> [Exercise instructions] Starting with the line that holds "테켓 경량패딩 블랙 / L 사이즈" and stopping after the line that holds "Lovely Mountain Apartment", repeat the lines below word for word, without the pictures.

> [Data listing]

====

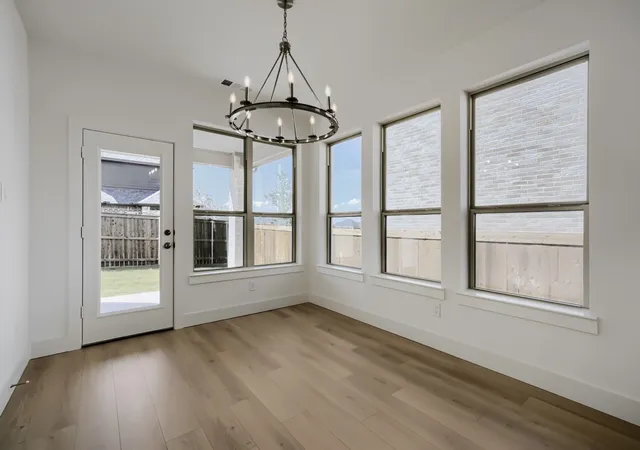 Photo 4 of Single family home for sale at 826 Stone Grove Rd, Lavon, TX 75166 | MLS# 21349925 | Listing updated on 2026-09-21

====

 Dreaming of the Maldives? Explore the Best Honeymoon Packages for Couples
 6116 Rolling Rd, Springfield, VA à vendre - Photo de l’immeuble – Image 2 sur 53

====

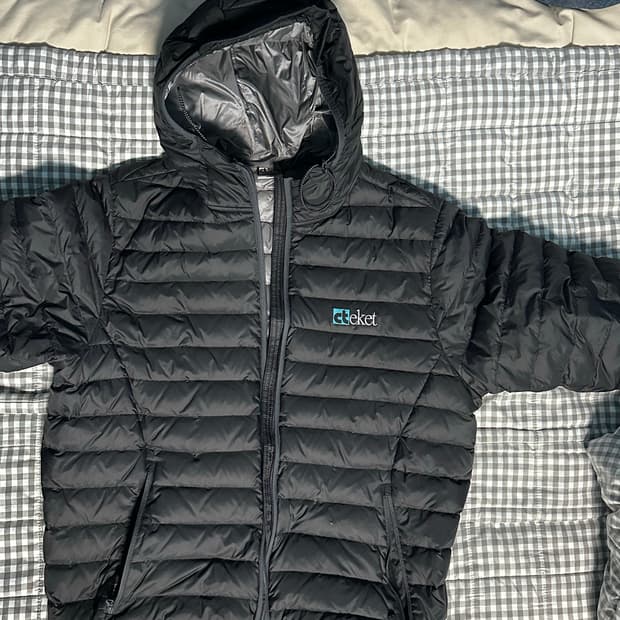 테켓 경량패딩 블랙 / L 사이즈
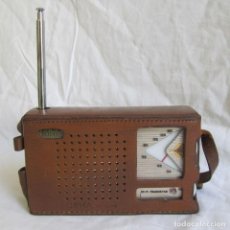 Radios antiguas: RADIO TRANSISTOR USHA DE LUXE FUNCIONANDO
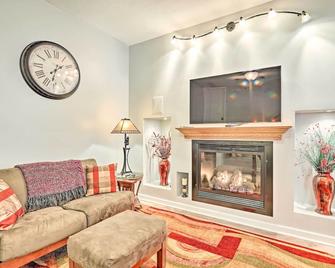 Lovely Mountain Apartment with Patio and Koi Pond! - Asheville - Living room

====

> [Exercise solution]
 테켓 경량패딩 블랙 / L 사이즈
 Radios antiguas: RADIO TRANSISTOR USHA DE LUXE FUNCIONANDO
 Lovely Mountain Apartment with Patio and Koi Pond! - Asheville - Living room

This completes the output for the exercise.